Task statement —
Go to the line with "Bí thư Tỉnh" in the entries below and write out every line from there through the line with "3 BEDROOM FREESTANDING SOLD IN RANDLESPARK", exactly and without pictures.

Given information —
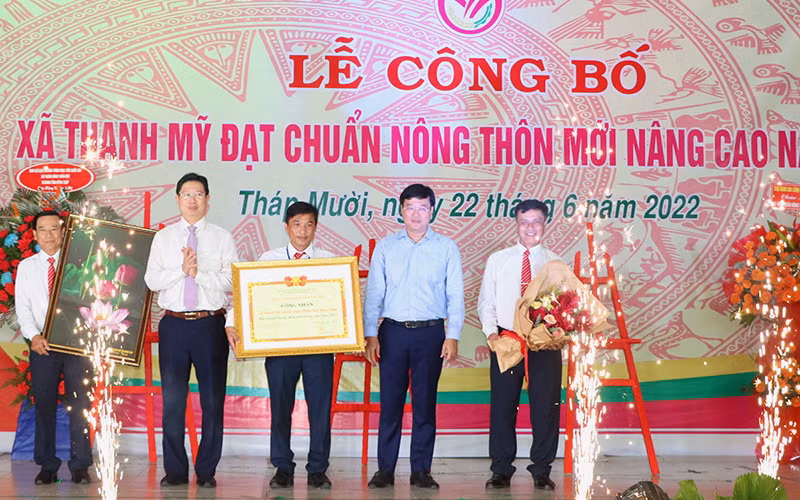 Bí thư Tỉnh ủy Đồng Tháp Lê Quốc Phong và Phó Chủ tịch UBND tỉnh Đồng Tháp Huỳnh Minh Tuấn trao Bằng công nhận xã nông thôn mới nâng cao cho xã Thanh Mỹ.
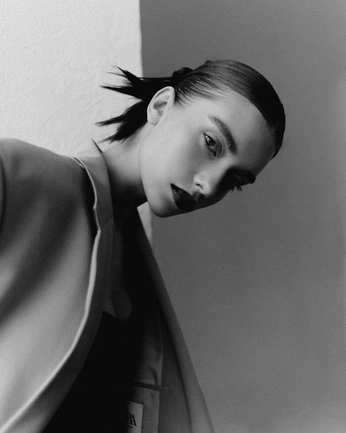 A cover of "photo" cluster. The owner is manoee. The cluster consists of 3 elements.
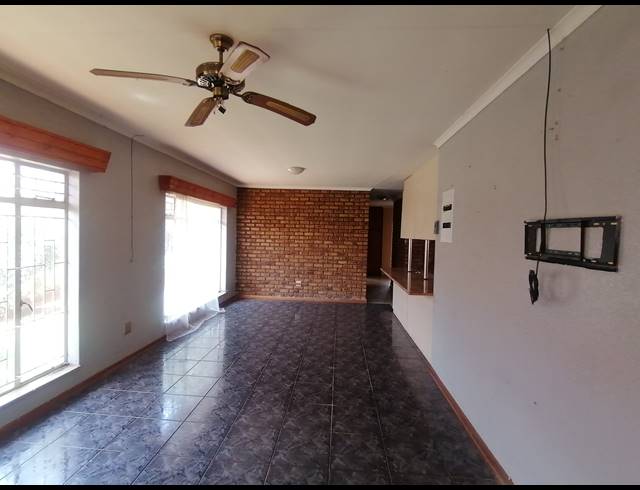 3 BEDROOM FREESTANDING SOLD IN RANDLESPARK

--

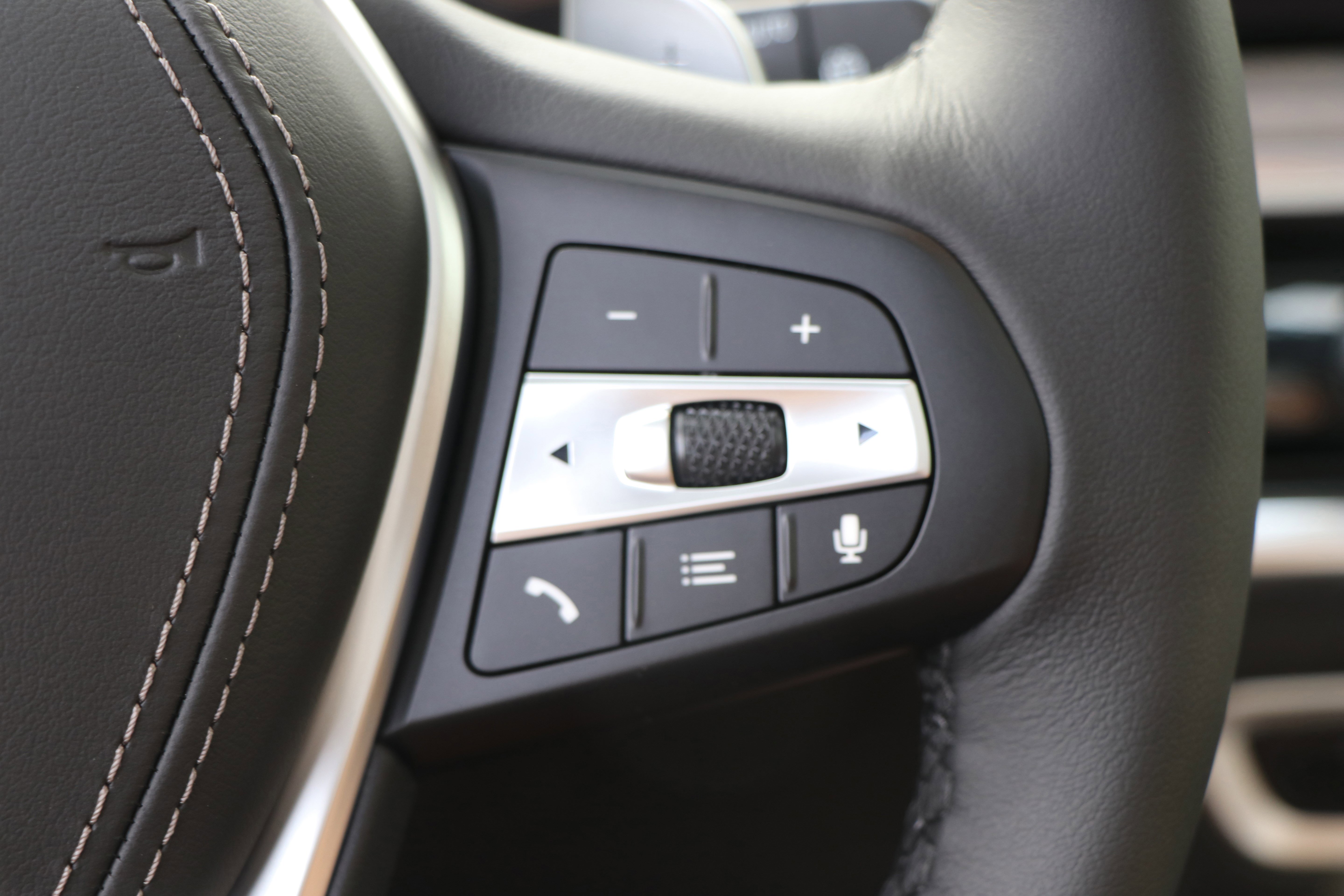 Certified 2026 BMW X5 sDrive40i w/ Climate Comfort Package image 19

--

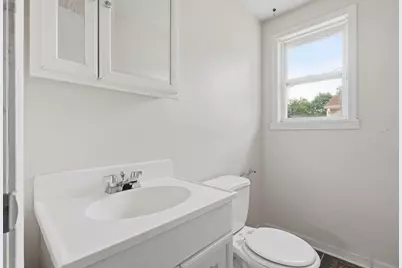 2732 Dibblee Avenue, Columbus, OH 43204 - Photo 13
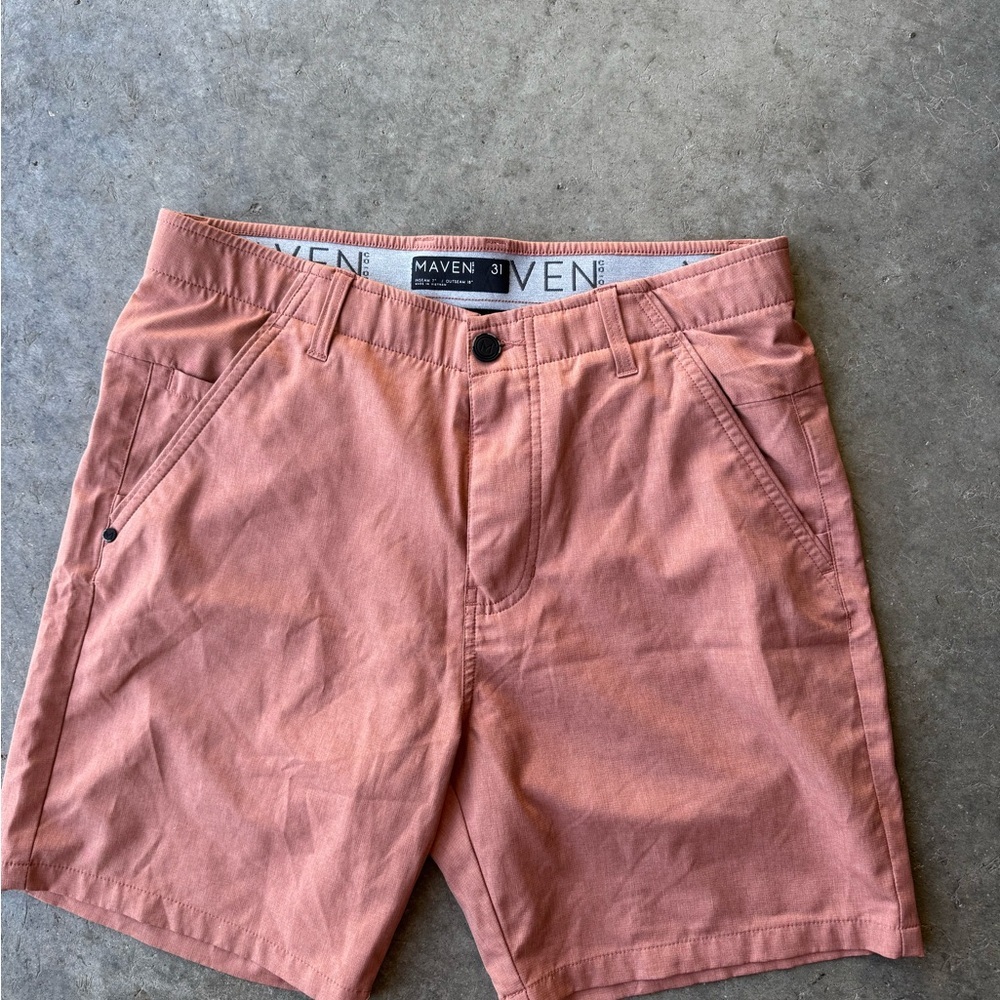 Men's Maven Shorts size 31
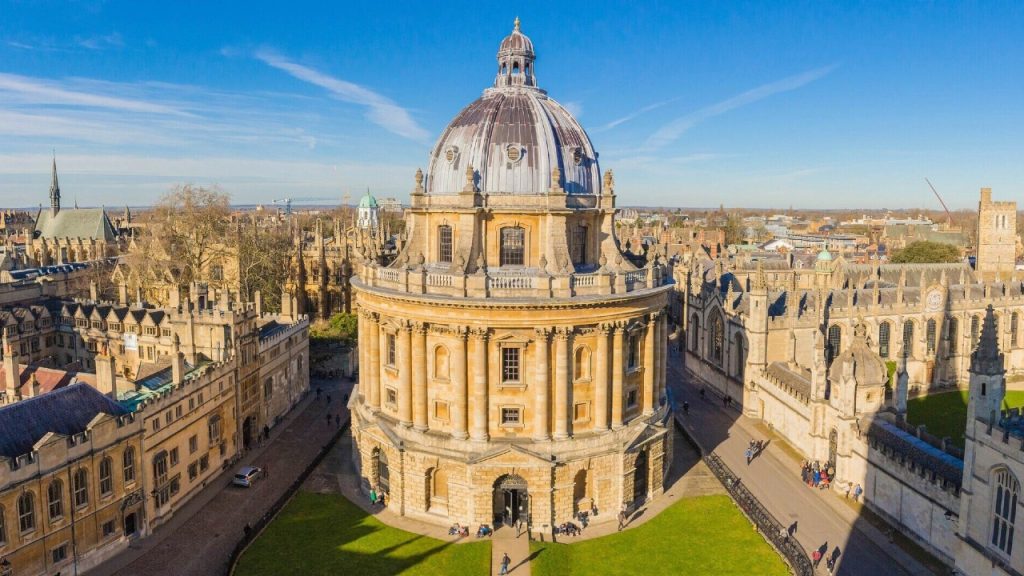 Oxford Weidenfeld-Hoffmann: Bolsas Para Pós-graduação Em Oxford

Answer —
 Bí thư Tỉnh ủy Đồng Tháp Lê Quốc Phong và Phó Chủ tịch UBND tỉnh Đồng Tháp Huỳnh Minh Tuấn trao Bằng công nhận xã nông thôn mới nâng cao cho xã Thanh Mỹ.
 A cover of "photo" cluster. The owner is manoee. The cluster consists of 3 elements.
 3 BEDROOM FREESTANDING SOLD IN RANDLESPARK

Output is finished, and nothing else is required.